With all that is going pear-shaped in the world, you would be forgiven not to be aware of the latest instalment in the Great Greek Political Drama Series. It actually had a rather long lead: The current president’s term was coming to an end, and Alexis Tsipras, the leader of the radical left opposition faction Syriza had made it clear from at least last summer that he would use the provisions of the constitution to bring down the current centre-right/centre left coalition government.
How was that possible? After various defections, the current government is supported by 156 of 300 MPs, still a workable and reasonably stable majority of 52 per cent. But although the office is largely ceremonial, electing a new president requires a super majority: two thirds of the MPs in the first two rounds or 60 per cent (180 votes) in the third and final round.
Photo by ARKNTINA
That alone is an unusual arrangement, as a surprisingly large number of European states does more or less well with unelected ceremonial heads of state (think monarchy), while many others are content to elect the chief figurehead by run-off or simple plurality rules. In Greece, parliament is dissolved instead (and to add insult to injury, a simple plurality is sufficient to elect a president in the new parliament).
Given the current state of the polls, the most likely outcome of the election on January 25 is a hung parliament: the government will lose its majority, but Syriza will probably find itself without a coalition partner and will not be able to govern alone even if they win the bonus awarded to the biggest party. Moreover, the small “Democratic Left” party will probably be wiped out, and various independent MPs will lose their seats. The right-wing “Independent Greeks” and the neo-fascist “Golden Dawn” are also poised to suffer (less dramatic) losses. On political grounds alone, the continuing until 2016 should have been preferable to an early election for any MP to the right of Syriza, not to mention the decline in personal circumstances for those who will lose their seats.

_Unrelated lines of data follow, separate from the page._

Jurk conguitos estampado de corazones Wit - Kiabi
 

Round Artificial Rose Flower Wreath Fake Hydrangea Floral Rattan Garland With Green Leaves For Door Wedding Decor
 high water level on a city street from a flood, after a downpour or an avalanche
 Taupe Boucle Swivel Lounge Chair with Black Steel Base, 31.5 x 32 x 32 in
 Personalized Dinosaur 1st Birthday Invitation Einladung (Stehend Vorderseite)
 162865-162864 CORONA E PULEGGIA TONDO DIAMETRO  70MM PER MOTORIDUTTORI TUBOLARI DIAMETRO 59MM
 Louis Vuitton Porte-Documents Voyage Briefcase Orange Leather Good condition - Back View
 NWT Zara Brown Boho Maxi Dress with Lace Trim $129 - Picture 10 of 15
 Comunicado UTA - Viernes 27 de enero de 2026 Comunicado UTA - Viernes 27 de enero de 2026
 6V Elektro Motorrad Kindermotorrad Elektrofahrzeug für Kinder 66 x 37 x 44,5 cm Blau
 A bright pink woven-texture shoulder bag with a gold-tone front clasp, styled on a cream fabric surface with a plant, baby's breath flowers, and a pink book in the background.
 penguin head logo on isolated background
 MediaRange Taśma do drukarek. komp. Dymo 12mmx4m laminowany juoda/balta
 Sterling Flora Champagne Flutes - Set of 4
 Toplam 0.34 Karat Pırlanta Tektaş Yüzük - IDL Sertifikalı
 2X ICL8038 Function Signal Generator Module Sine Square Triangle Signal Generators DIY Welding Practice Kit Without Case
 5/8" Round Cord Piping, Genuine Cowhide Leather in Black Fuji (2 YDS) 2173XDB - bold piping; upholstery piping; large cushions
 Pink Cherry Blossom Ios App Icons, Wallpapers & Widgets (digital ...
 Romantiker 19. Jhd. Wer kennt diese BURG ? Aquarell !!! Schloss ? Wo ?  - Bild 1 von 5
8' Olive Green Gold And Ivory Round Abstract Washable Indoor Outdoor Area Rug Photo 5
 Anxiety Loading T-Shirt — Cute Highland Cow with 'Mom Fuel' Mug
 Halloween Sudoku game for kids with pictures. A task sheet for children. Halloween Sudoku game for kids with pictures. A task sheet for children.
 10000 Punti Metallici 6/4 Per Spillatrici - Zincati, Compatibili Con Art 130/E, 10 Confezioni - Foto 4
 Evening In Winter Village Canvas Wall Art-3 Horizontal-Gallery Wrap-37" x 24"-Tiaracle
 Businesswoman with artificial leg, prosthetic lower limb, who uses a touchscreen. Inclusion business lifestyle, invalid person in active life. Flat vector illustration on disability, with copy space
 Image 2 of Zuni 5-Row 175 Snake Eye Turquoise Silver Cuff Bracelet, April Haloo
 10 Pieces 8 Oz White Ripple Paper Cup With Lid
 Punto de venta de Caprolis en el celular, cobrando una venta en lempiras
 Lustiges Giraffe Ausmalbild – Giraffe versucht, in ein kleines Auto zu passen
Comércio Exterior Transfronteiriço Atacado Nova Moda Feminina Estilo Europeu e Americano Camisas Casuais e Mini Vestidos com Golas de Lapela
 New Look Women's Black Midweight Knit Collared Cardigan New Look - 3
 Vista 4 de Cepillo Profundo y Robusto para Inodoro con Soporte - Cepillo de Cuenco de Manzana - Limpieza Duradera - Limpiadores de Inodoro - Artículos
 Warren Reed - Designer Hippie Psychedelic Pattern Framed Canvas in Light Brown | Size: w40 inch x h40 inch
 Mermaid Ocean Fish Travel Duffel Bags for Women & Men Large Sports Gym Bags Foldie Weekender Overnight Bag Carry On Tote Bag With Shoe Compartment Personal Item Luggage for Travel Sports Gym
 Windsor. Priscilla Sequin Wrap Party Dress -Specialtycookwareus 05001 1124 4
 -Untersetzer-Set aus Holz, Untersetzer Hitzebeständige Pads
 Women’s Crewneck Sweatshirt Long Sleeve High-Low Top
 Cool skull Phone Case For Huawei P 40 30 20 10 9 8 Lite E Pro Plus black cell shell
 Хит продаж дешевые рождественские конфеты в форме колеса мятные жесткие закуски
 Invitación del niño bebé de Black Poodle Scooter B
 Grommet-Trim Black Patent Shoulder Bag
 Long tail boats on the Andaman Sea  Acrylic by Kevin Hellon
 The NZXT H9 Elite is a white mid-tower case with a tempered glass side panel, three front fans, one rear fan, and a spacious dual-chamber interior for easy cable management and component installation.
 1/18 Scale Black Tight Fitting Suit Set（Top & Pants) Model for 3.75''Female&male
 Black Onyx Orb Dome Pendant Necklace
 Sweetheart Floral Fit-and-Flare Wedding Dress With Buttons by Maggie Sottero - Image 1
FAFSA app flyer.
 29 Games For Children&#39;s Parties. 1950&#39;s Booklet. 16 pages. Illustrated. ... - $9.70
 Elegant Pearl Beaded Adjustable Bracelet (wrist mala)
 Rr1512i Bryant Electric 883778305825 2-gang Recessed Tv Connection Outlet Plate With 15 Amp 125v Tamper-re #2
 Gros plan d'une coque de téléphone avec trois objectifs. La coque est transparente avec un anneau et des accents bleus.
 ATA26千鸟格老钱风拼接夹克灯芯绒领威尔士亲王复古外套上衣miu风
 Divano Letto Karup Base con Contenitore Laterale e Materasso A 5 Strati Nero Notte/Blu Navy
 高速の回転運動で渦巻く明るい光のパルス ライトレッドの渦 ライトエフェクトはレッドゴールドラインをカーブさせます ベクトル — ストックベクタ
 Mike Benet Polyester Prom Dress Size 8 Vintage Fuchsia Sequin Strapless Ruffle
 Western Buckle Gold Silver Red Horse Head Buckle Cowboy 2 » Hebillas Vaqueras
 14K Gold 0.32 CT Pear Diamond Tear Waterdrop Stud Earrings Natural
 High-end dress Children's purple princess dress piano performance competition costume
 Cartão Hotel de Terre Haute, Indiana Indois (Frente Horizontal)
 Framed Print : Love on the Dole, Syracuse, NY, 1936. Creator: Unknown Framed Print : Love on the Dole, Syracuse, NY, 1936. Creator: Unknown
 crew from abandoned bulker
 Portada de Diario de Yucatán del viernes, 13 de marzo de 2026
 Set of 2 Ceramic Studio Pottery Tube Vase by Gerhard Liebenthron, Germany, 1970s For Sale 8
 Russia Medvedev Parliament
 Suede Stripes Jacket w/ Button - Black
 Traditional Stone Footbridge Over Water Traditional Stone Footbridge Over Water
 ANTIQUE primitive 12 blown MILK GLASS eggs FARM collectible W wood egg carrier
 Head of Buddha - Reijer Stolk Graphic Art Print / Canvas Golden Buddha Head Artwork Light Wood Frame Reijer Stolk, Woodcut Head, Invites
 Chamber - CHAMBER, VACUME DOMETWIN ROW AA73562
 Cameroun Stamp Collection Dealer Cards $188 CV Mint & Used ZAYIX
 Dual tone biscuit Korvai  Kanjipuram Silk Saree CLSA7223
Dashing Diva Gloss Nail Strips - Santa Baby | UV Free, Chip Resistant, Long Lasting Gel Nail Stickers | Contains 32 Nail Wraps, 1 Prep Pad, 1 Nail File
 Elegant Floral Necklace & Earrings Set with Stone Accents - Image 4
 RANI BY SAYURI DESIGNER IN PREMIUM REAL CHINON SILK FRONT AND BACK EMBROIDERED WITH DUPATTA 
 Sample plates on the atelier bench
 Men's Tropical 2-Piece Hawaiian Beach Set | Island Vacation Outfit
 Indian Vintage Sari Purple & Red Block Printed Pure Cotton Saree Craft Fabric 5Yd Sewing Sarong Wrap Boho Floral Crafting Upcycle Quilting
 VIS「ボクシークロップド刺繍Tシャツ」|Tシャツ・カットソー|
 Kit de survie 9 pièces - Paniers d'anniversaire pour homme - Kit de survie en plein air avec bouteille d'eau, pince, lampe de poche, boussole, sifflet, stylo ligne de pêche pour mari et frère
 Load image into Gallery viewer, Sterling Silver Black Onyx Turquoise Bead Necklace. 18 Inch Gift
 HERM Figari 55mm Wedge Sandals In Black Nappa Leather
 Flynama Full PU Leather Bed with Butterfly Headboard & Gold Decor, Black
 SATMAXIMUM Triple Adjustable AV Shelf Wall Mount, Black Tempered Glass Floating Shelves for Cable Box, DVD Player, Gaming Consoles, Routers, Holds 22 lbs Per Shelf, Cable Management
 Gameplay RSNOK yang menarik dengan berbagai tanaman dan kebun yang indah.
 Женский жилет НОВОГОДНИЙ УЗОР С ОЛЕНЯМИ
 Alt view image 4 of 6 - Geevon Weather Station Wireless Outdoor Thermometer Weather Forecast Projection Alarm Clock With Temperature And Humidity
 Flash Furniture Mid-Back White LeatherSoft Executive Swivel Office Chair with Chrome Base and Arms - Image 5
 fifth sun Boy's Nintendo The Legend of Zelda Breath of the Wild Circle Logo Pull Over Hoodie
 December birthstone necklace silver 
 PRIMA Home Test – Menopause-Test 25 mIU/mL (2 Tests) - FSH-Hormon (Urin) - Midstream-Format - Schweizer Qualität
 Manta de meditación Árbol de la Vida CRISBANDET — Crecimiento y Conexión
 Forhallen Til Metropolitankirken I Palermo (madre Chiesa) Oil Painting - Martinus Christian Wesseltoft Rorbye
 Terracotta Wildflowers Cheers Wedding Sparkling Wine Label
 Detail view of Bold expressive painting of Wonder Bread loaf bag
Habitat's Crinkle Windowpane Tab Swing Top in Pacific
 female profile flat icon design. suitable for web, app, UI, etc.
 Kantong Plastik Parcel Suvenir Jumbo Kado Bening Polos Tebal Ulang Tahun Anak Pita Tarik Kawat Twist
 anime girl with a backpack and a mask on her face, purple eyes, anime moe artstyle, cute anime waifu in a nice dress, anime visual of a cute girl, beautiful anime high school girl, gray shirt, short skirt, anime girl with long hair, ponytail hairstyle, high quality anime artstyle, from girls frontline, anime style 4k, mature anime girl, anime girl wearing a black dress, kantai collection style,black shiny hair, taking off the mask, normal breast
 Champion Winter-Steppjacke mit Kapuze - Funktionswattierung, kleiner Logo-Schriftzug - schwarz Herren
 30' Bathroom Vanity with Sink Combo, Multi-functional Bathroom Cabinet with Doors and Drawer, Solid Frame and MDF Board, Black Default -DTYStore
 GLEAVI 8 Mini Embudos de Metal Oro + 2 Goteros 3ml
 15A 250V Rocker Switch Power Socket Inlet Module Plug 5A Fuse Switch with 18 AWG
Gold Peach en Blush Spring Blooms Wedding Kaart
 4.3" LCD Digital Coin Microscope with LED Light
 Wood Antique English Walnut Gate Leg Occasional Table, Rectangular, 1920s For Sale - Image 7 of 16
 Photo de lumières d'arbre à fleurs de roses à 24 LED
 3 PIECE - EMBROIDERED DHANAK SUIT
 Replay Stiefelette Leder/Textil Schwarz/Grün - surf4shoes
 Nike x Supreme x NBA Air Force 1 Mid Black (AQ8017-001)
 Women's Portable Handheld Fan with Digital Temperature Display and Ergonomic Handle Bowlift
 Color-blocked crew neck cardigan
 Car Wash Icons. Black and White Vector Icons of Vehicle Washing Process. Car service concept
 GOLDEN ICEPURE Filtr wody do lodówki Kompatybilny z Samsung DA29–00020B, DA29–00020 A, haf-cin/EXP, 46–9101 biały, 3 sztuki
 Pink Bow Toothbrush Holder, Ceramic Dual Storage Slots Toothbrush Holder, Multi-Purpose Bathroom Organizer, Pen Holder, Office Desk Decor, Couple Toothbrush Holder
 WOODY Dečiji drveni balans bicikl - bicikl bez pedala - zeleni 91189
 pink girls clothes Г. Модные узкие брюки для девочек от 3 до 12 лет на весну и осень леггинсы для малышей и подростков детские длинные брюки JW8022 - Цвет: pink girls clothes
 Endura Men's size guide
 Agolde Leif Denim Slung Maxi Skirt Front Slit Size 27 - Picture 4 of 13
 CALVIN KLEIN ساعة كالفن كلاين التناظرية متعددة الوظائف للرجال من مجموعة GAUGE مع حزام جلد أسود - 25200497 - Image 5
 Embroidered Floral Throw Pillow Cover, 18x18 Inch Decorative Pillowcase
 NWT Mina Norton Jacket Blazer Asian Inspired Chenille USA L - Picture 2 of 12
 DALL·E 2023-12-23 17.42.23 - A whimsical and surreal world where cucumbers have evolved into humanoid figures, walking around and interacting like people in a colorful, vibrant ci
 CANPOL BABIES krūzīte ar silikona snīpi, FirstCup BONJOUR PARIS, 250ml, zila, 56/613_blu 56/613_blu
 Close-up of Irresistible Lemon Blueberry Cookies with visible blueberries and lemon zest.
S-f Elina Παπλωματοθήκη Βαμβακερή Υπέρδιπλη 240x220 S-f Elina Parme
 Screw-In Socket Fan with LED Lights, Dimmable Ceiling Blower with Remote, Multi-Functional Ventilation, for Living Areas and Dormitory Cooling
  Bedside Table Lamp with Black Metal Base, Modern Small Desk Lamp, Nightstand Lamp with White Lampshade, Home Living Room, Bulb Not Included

The 25 independents acting in unison alone could have prevented the election. And yet, only 168 MPs voted for the government’s candidate, 13 more (or perhaps 15 more – this is confusing) than the government’s own voting bloc but 12 less than required to prevent the election. So the others either have privileged information about the outcome of the election, value principled opposition higher than political outcomes and personal welfare, have silently defected to Syriza, or have received some side-payment. Or they are irrational. Your choice.